• Task to complete: The material below is to be copied exactly from the line with "Photo of a mid-sized" up to and including the line with "Portrait of happy", with nothing else kept and no pictures.

• Exercise inputs:

....

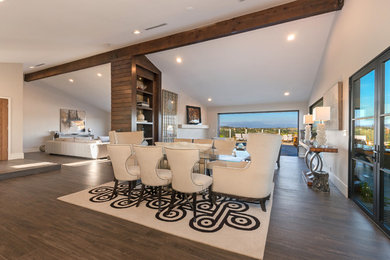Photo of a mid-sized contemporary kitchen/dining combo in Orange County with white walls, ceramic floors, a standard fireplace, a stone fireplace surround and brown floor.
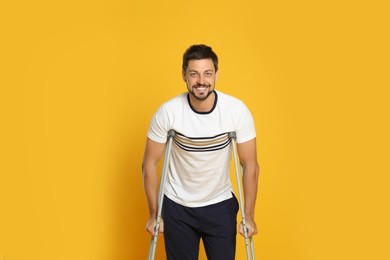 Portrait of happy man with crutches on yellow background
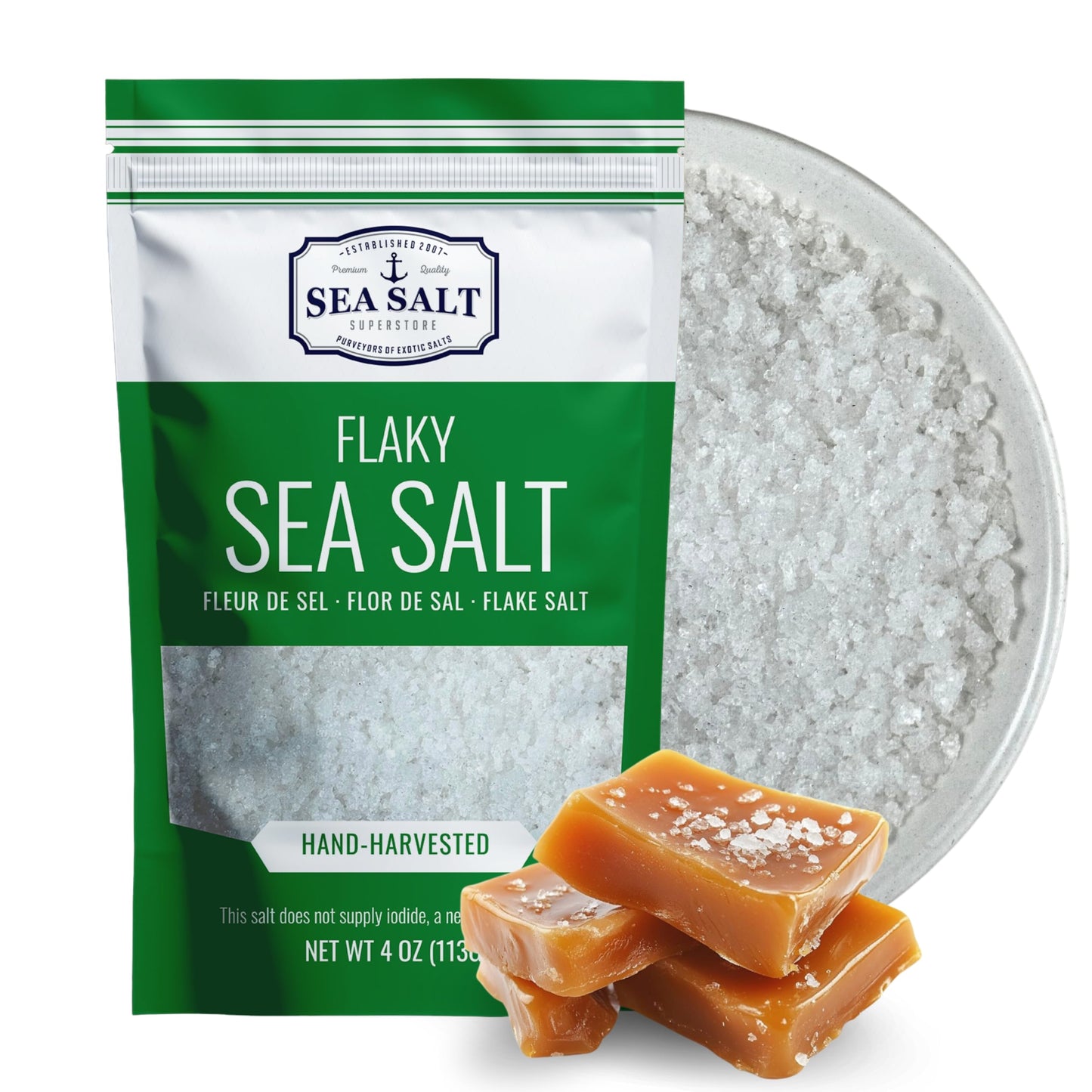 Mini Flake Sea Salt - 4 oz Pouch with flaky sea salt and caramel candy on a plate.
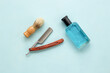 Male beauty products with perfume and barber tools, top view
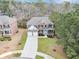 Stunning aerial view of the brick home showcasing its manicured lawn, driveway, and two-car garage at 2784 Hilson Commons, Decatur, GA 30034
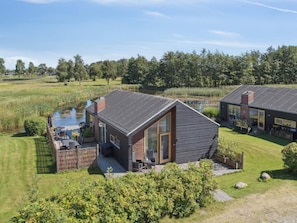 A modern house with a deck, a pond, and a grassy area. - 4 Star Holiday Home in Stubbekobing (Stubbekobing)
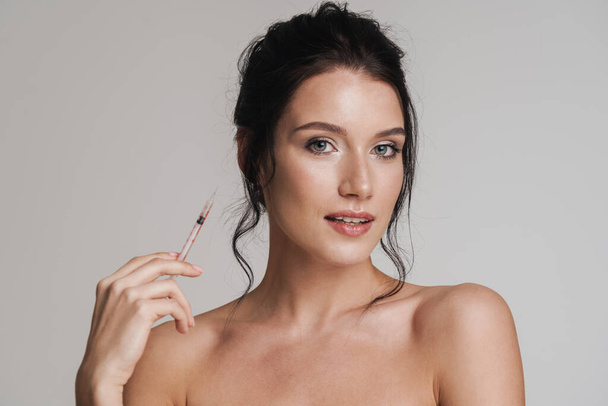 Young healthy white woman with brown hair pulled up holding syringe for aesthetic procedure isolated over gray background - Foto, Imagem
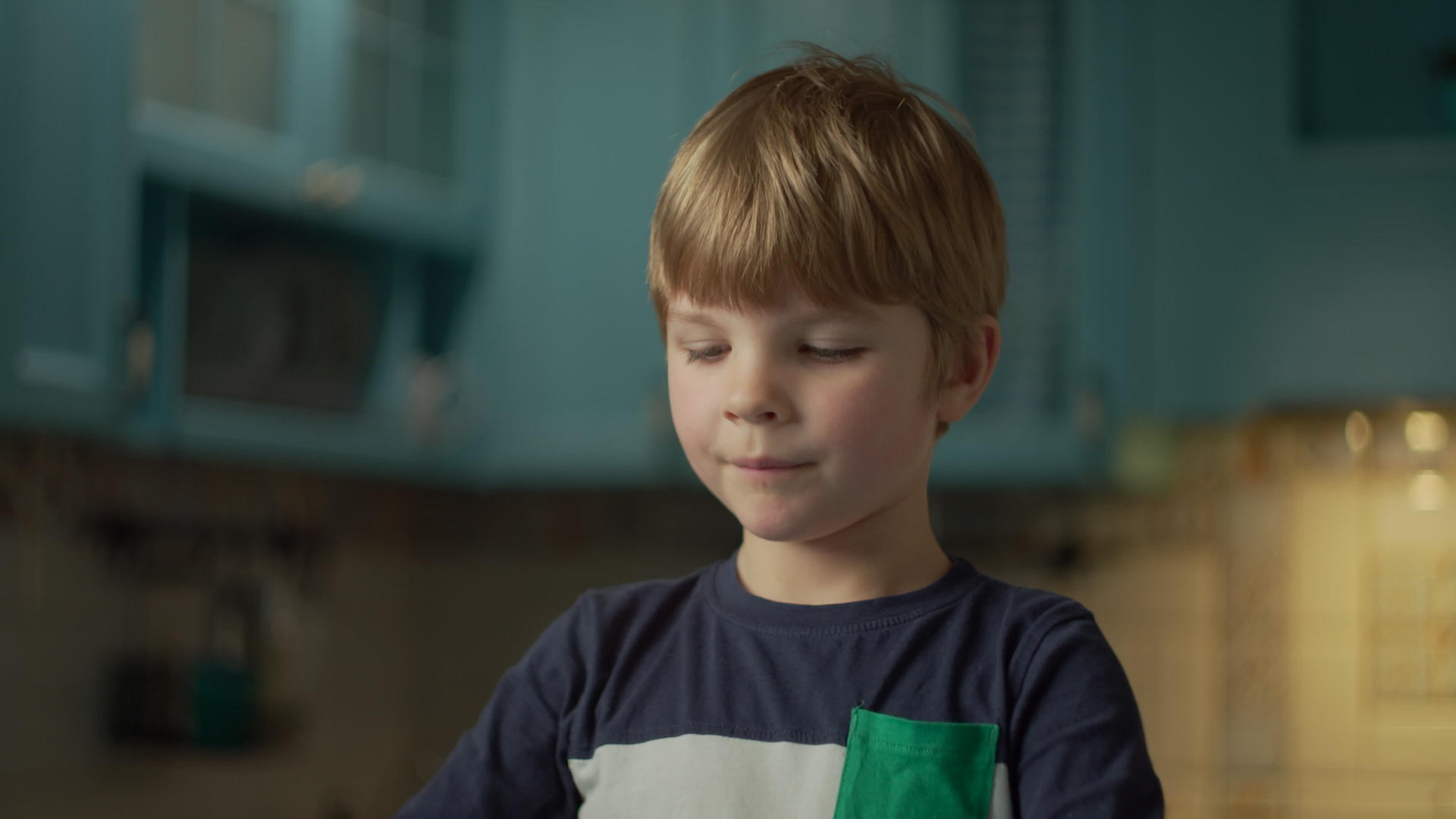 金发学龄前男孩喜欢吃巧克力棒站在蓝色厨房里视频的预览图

....

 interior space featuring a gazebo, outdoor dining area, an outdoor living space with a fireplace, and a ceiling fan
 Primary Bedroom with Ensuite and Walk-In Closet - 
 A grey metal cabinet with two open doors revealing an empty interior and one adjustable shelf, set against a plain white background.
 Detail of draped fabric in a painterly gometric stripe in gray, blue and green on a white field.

....

• Exercise output:
Photo of a mid-sized contemporary kitchen/dining combo in Orange County with white walls, ceramic floors, a standard fireplace, a stone fireplace surround and brown floor.
 Portrait of happy man with crutches on yellow background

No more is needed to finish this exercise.